Jon DeLena, the DEA’s public affairs chief, said at the summit Wednesday that his agency faces a threat on a scale never seen before. Since drugs are based on chemicals rather than plants, it is easier for cartels to mass-produce. The DEA has led efforts to follow the money trail to reduce fentanyl production efforts. HSI, meanwhile, is now focusing its efforts on cryptocurrency, as Heck noted, “the days of seeing hundreds and hundreds of thousands of dollars in a bag, as a commodity, are moving away. slowly”.

Derrick Brent, deputy director of the U.S. Patent and Trademark Office, said his agency is working with CBP, DEA, international partners and others to raise awareness of the dangers of counterfeit pharmaceuticals – which can sometimes contain dangerous synthetic opioids – and to reduce the demand for them. The USPTO works directly with its Mexican counterparts to help Mexican authorities identify counterfeit products.

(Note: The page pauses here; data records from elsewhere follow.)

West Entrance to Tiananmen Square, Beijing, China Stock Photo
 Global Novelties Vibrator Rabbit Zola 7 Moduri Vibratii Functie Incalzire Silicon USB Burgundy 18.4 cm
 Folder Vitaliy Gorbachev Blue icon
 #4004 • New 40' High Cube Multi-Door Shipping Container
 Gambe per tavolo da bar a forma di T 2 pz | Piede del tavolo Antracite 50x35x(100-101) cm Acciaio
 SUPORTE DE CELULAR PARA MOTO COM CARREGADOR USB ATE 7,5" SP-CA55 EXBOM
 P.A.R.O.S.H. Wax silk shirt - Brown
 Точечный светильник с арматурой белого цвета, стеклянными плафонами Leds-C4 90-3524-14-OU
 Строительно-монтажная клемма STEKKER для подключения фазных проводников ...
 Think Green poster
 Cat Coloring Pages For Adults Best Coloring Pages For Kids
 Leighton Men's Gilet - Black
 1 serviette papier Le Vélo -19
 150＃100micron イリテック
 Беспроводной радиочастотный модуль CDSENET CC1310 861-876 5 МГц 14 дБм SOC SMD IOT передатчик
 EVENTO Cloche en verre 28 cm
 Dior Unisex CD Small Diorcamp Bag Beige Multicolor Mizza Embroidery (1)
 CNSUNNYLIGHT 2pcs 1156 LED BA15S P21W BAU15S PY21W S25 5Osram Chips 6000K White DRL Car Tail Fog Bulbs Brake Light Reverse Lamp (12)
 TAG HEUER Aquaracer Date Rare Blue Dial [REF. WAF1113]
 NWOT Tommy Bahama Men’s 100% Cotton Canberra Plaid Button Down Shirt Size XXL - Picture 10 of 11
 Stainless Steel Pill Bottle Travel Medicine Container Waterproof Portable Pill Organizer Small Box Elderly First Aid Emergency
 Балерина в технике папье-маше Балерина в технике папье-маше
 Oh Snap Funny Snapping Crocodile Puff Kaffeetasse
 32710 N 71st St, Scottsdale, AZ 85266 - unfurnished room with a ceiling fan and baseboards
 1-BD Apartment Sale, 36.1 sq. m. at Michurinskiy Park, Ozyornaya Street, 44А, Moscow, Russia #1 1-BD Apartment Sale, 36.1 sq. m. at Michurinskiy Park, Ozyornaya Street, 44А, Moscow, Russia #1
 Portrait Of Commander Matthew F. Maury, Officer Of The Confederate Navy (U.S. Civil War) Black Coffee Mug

Heck noted that his agency takes “enormous precautions” to protect federal employees from potential exposure to fentanyl, as even a small amount can be fatal. All federals potentially working near the drug, such as CBP officers at postal facilities, are issued personal protective equipment. CBP is legally required to make available to all officers at risk of fentanyl exposure naloxone or narcan, a drug used to treat opioid overdoses. A 2019 inspector general report, however, found that the agency did not always make it available and did not have a policy requiring it.

In July, the House unanimously approved a bill (HR 5274) requiring CBP to issue “containment devices” to its frontline personnel and train workers in their proper use. The devices create a controlled negative pressure environment to store substances, which creates a safer environment for personnel while allowing for better preservation for investigative purposes. The Senate has yet to vote on the measure.

In his fiscal year 2023 budget, President Biden requested $42.5 billion for research, prevention, treatment and recovery support services, which would mark a 7.5% increase. Last month, the White House announced $1.5 billion in grants from the Department of Health and Human Services to support state and local efforts to address the opioid crisis.

Clarification: This story has been updated to clearly state that HSI is the agency focused on cryptocurrency investigations.